All six of the nation's top credit card lenders saw their delinquency rates decline during the month of May as consumers continued to get a better handle on their outstanding balances, according to a report from the Wall Street Journal. Capital One Financial, Discover Financial Services, Bank of America, JPMorgan Chase, Citigroup and American Express all saw instances of late accounts decline between April and May, continuing trends seen in nearly all of the last year and a half or more.
And along similar lines, all of those lenders but Discover also saw their charge off rates - that is, the number of accounts they handle that were so far behind on payments that the balances were written off as being uncollectable - tumble once again in May, the report said. But even Discover's increase, to 2.65 percent of all balances from 2.6 percent, was well below the seasonal increases typically seen at this time of year, and still hovering near the company's all-time low. Consequently, there is still room for optimism despite the small jump.
These changes came despite what many experts feared would be increases in instances of both delinquency and default, the report said. May saw a slower job market than expected, and that in turn led to speculation borrowers might start to fall behind on their payments, and many lenders also fear that economic difficulties abroad could spread to the U.S.
As a result, many have already begun to reign in their efforts to market new accounts to consumers, the report said. Tracking firm Mintel Comperemedia found that during the month of April, major lenders sent out just 260.6 million offers, a decline of nearly 9 million from March's total, and well below the 389.6 million seen in the same month last year.
"Issuers have adopted a more cautious approach due to an uncertain economic environment," said Andrew Davidson, senior vice president for Mintel Comperemedia, according to the newspaper.

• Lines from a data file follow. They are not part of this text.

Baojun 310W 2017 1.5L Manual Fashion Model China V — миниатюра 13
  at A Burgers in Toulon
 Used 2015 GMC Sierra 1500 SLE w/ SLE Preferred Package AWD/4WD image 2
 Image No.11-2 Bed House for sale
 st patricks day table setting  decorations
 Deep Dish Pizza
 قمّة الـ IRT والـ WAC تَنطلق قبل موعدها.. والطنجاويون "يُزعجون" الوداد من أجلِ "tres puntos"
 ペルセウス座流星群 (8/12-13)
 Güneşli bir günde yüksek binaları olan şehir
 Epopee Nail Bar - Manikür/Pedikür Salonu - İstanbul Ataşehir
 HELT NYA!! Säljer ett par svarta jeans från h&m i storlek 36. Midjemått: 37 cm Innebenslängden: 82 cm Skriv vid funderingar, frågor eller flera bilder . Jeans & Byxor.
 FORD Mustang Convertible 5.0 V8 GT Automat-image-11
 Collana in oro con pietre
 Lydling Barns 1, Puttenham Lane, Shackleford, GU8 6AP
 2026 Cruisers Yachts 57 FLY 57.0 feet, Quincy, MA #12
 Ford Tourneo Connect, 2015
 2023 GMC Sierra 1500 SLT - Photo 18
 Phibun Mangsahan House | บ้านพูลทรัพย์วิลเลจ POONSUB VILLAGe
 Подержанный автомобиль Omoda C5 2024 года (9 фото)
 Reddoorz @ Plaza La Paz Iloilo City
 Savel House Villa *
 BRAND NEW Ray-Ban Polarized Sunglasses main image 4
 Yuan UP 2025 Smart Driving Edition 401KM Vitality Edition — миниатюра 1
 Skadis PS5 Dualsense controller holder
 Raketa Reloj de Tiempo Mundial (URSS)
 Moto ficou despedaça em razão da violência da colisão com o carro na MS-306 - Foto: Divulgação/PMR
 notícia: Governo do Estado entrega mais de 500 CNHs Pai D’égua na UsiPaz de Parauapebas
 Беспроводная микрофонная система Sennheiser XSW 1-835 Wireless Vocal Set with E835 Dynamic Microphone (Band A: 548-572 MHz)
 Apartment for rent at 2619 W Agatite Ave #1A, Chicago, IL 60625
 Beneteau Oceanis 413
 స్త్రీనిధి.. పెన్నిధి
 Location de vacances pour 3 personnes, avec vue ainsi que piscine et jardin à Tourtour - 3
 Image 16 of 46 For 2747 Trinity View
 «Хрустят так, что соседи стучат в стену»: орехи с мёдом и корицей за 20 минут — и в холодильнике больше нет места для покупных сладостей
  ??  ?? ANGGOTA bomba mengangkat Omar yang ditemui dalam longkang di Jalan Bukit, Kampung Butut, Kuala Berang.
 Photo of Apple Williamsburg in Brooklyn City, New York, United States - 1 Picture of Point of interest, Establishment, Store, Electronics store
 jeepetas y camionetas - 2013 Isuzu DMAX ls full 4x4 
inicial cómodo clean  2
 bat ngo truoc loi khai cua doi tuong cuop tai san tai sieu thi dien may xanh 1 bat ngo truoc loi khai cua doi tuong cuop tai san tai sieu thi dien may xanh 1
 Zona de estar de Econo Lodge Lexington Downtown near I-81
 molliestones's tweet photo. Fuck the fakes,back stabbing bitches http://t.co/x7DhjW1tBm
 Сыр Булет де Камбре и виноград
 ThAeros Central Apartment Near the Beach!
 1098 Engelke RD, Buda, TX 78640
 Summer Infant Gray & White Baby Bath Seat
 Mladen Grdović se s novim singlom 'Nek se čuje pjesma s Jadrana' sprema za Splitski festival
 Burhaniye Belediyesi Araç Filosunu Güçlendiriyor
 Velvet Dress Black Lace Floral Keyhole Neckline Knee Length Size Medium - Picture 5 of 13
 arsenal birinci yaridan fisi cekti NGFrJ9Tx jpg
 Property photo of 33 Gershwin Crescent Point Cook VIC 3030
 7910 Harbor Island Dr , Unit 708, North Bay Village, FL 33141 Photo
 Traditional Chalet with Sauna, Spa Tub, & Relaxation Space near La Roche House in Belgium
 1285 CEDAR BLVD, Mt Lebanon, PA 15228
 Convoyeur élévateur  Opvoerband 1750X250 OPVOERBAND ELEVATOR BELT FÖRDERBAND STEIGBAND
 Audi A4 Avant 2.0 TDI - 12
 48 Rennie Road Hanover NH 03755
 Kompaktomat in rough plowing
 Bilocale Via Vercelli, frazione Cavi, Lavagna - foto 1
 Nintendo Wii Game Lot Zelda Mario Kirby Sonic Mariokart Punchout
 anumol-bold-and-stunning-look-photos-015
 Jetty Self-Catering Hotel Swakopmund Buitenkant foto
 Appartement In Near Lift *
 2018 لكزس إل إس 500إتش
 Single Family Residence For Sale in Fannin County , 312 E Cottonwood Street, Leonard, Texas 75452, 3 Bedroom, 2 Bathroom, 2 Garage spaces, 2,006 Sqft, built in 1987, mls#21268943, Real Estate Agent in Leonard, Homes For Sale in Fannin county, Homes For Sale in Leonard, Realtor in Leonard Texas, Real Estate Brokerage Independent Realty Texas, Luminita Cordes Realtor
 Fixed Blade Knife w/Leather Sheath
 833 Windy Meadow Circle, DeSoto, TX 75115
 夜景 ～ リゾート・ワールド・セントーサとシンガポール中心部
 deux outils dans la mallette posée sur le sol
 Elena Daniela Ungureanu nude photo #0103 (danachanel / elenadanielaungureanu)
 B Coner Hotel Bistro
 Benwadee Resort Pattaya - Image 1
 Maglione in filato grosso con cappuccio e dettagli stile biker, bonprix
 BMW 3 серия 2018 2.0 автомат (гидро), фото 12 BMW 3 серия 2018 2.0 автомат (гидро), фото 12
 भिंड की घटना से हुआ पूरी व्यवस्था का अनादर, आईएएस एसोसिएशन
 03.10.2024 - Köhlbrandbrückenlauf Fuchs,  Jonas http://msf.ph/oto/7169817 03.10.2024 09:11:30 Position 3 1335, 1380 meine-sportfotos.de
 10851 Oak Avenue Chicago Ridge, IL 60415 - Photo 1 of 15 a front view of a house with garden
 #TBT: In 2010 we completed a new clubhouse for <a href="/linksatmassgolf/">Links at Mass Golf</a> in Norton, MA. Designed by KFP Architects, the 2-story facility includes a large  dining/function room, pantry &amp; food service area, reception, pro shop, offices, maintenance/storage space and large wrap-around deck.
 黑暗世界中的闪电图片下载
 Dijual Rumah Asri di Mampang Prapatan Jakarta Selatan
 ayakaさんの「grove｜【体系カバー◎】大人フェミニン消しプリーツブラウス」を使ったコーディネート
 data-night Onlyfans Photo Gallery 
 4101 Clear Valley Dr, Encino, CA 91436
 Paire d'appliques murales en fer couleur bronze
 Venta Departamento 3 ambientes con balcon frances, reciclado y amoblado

Many experts have been predicting that an increase in credit card delinquency and default must come at some point in the near future simply because consumers can no longer continue to increase the rates at which they make payments on time. The logical bottoming out of these rates could be delayed, however, if lenders continue to slash the issuing of new accounts to subprime borrowers, which had been expanding in recent months. However, decreases in new offers may serve to further delay this reversal of recent repayment trends and allow consumers to continue cutting delinquency and default rates for all of the nation's major lenders.